XCOR Aerospace: Jeff Greason noted that development of the prototype Lynx Mark 1 was underway, which will be followed “as quickly as possible” (9-18 months, according to his slides) by the more capable Mark 2. Engine development, normally a limiting factor in the development of a launch system, isn’t a concern. “The engines are ahead of the airframe,” he said. The first test flights of the Mk 1 prototype are planned for the first half of next year.

Masten Space Systems: Fresh off its wins in the Northrop Grumman Lunar Lander Challenge last fall, Masten is pressing ahead with plans for a couple of different vehicles in the coming year, said Michael Mealling. First up, in the next couple of months, will be “Xoie v2.0″, an updated version of the XA-0.1E that won first place in Level Two of the LLC, now equipped with an aeroshell and the ability to do an engine relight; it will be able to fly up to about 36 kilometers. XA-0.1G, or “Xogdor”, will be built by October or November, will pick up where Xoie left off, flying eventually up to 100 kilometers using a new 3000-lbf engine under development. By 2011 Masten plans to fly commercial missions, and is even looking at the possibility of getting into the nanosat launch market through the use of an expendable second stage.

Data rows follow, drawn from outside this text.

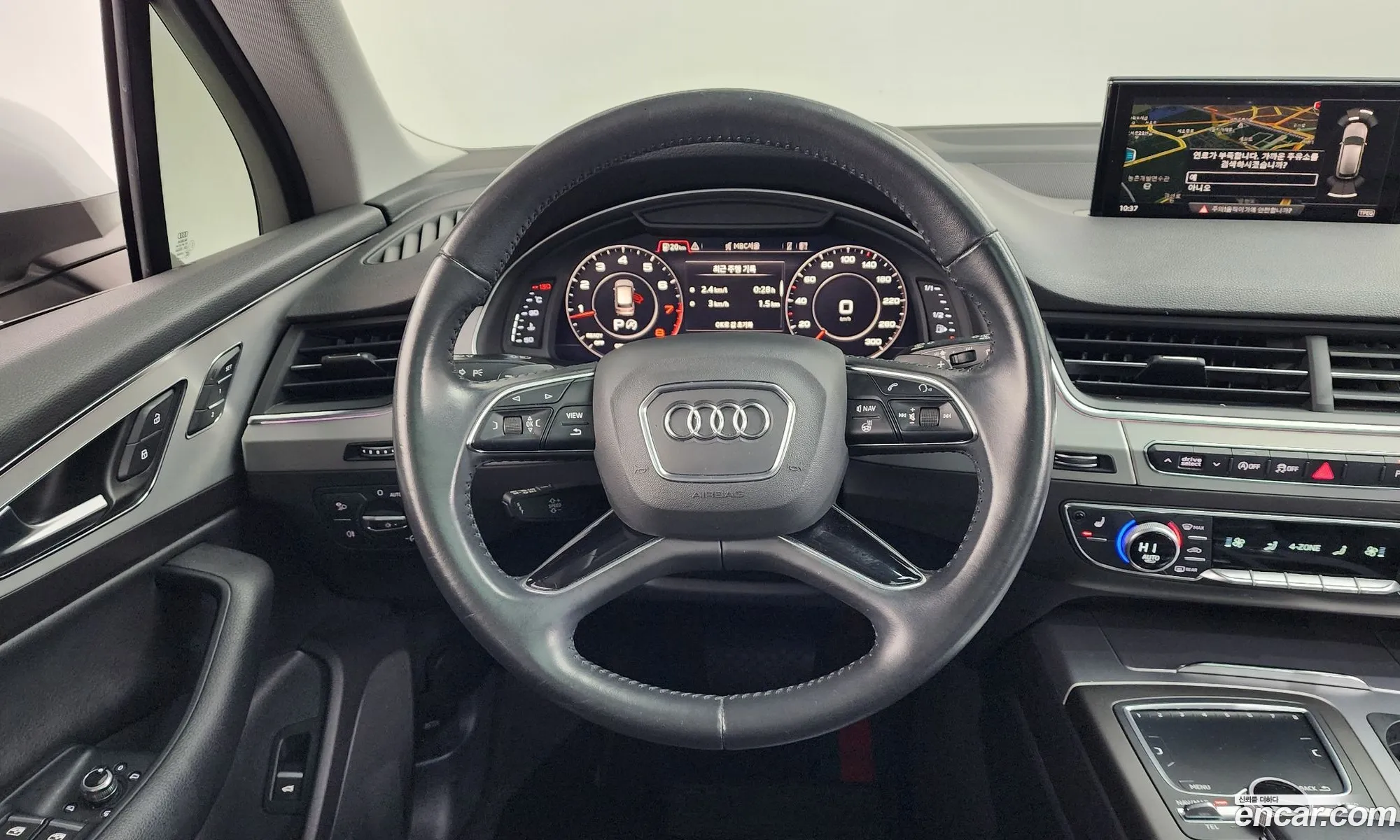 Audi Q7 2019 — 11
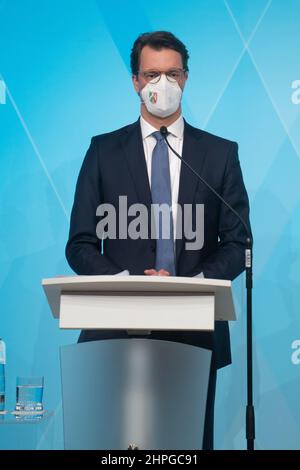 Hendrik Wuest wears an FFP2 mask with NRW emblem. On February 21, 2022, Markus Soeder ( CSU ), Prime Minister of Bavaria, and Hendrik Wuest ( CDU ), Prime Minister of North Rhine-Westphalia, met in Munich for talks. Afterwards, they informed in a press conference about the results and future action on the issue of climate crisis. (Photo by Alexander Pohl/Sipa USA) Credit: Sipa USA/Alamy Live News Stock Photo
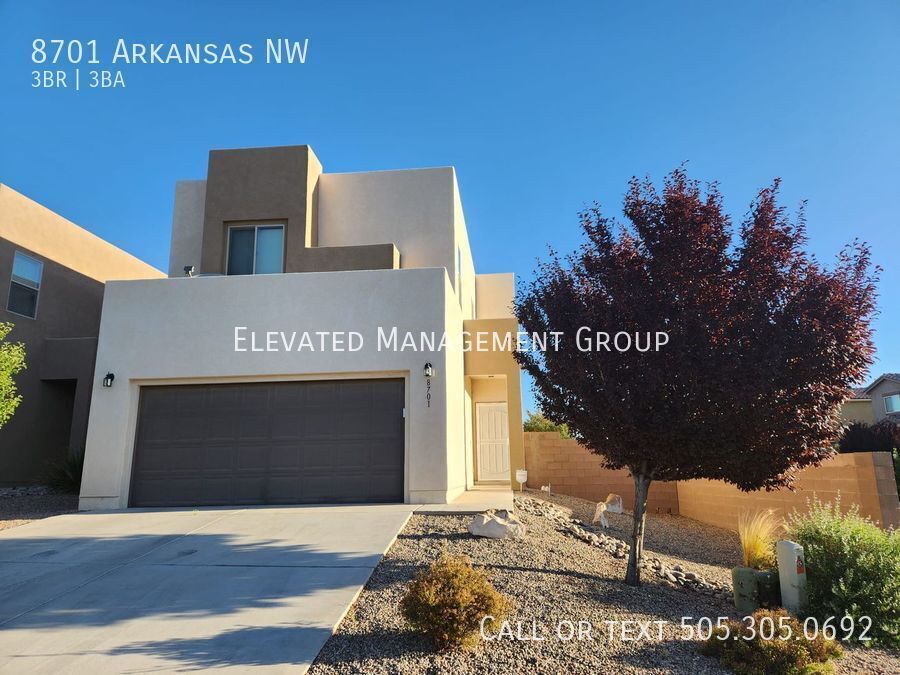 8701 Arkansas Rd NW in Albuquerque, NM - Building Photo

Blue Origin: Gary Lai didn’t make any great new revelations about the secretive company’s plans in a presentation, which he said was the first time a Blue Origin employee had presented any details at a conference. “If we’re famous for anything it’s famous for keeping quiet,” he said. The reason for that, he said, “is that we have a culture within the company to talk publicly only about results, and not about plans,” an approach similar to Burt Rutan.

While he didn’t provide much in the way of specifics, and no hints about schedule, he did reveal a few things. He briefly discussed Goddard, the gumdrop-shaped prototype of the New Shepard propulsion module that the company first flew in November 2006. “One of the main reasons for flying Goddard was to learn how to take a vertical-landing vehicle that uses the same propellants that our operational vehicle uses and learn how to fly that and turn it around in a very rapid manner,” he said. “Most of our lessons learned were in the operational area.”

However, he cautioned about reading too much into Goddard. “That is not necessarily what the operational New Shepard vehicle looks like,” he said.